A cash advance is a short-term loan against your credit card's available balance. When you withdraw cash using your credit card at an ATM, through a bank teller, or via a cash-like transfer, you're borrowing money that you'll owe back just like any other credit card debt.

This is fundamentally different from swiping your card for a purchase. The card issuer treats cash advances as a separate transaction type with distinct fees and interest terms.

How the Process Works

You can access a cash advance in several ways:

  • ATM withdrawal using your credit card and PIN
  • Bank teller request at your card issuer's branch or affiliated banks
  • Cash-like transfers through certain apps or services that convert credit into accessible funds

The mechanics are straightforward: you initiate the transaction, receive the cash, and the amount appears as a balance owed on your credit card statement. The card issuer typically processes it within one business day.

The Cost Structure: Three Key Fees and Terms

Cash advances trigger costs that regular purchases don't:

FactorImpact
Cash advance feeUsually 3–5% of the amount withdrawn (flat fees also possible)
Interest rate (APR)Often higher than your standard purchase APR; often 20%–30%+
Interest start dateTypically begins immediately—no grace period like purchases have

A $300 cash advance with a 4% fee ($12) plus immediate interest at 25% APR means you're paying roughly 16–20+ cents per day in interest alone, even if you pay it back within a week.

Who Might Use Cash Advances—And Why It Matters

Occasional emergency users: Someone caught without cash at a venue that doesn't accept cards might use a cash advance once or twice a year. The cost is real but might feel manageable for $100 in an emergency.

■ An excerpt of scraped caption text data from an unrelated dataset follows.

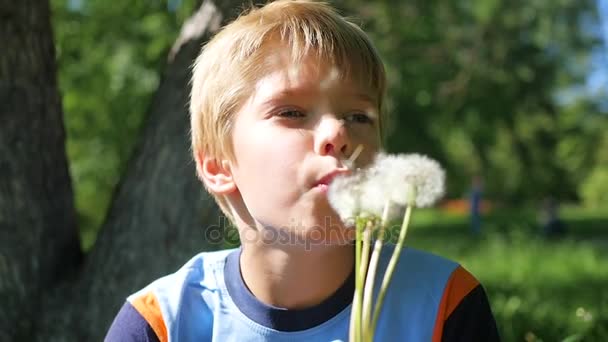 Bel ragazzo che soffia semi di dente di leone nel parco, al rallentatore — Video Stock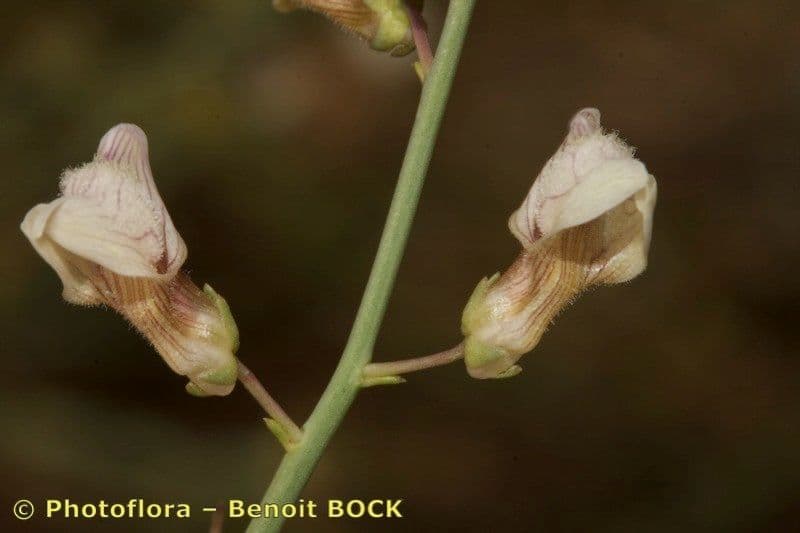 Acanthorrhinum 5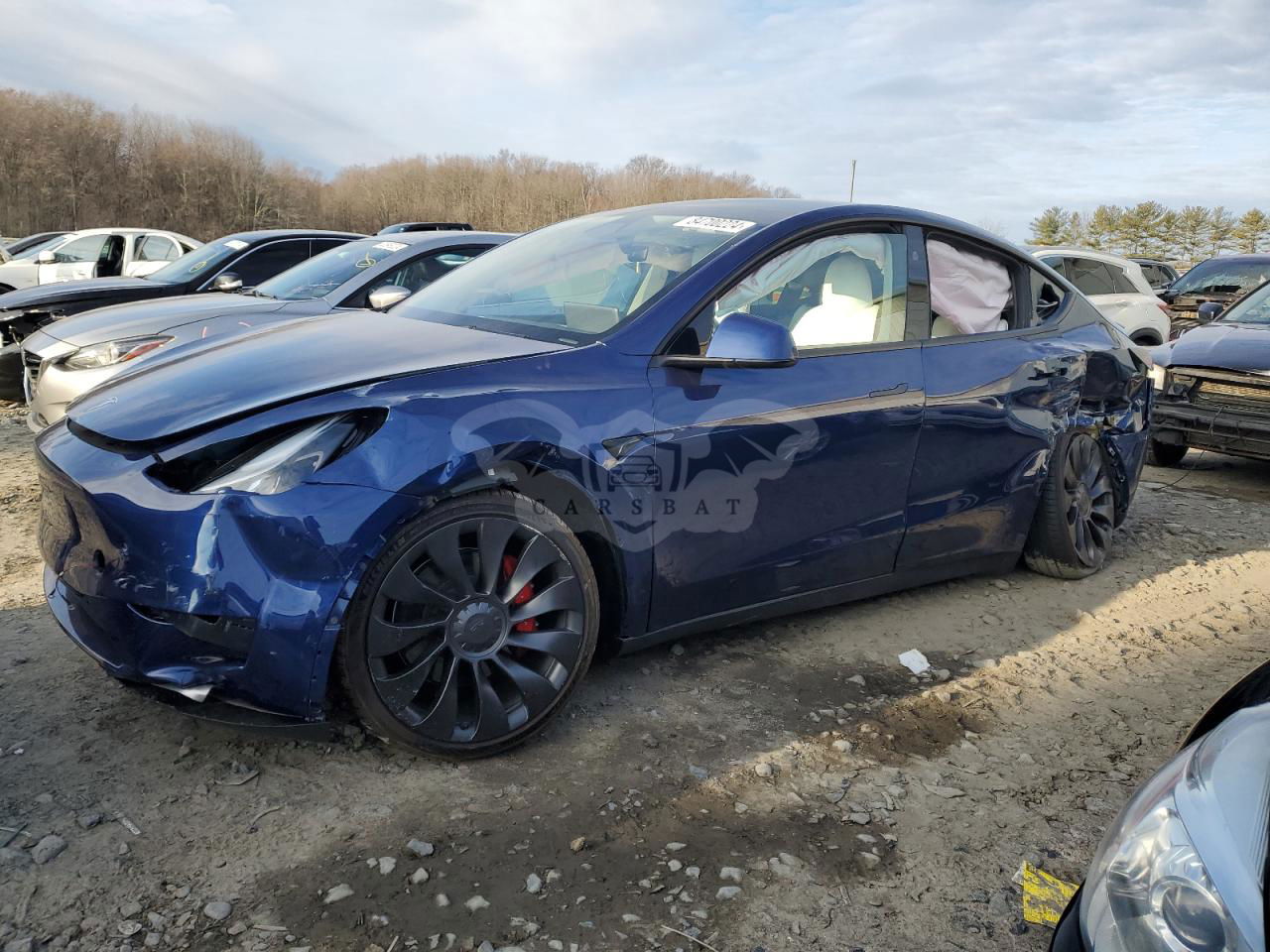 Tesla Model Y 2024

Frequent users: If you're regularly relying on credit card cash advances to cover everyday expenses, you're essentially paying premium rates on borrowed money while building debt that becomes harder to escape.

Balance transfer situations: Some people use a cash advance temporarily while waiting for a balance transfer to process, then pay it back immediately—still incurring fees, but minimizing interest exposure.

Payday loan alternative: In rare cases, a one-time cash advance might cost less than a payday loan, depending on the amount and your card's terms—but this is a risk signal, not a sound financial move.

Key Variables That Affect Your Decision

Your card's specific terms: Cash advance APR, fee structure, and daily limits vary by issuer and card type. Some premium cards offer lower cash advance fees; others charge flat fees instead of percentages.

How quickly you can repay: The longer money sits as a cash advance, the more interest accumulates. Interest begins accruing immediately, with no grace period.

Your available credit: You can only withdraw up to your available credit limit, and many issuers set a separate, lower cash advance limit.

Whether alternatives exist: Borrowing from family, using a bank overdraft, or even a personal loan might carry lower costs depending on your profile and situation.

What You Should Know Before Using One

  • No grace period: Unlike purchases, interest starts accruing the day you withdraw the cash.
  • Separate limit: Your cash advance limit is often lower than your total credit limit.
  • Credit score impact: The withdrawal adds debt and reduces available credit, which can briefly lower your credit score.
  • Difficult to pay back: Because interest compounds daily and the APR is high, cash advances can trap you in a debt cycle if you can't repay quickly.

When a Cash Advance Might Make Sense

The rare legitimate use case: you need cash for an emergency, have no other access to funds, and can repay the full amount within days. Even then, the fees and interest are real costs you're choosing to accept.

In almost every other scenario—covering regular expenses, funding ongoing needs, or lacking a backup payment method—a cash advance is a sign that your broader financial situation needs attention beyond the transaction itself.

Understanding what you're paying and what happens after you withdraw the cash is the foundation for using credit wisely.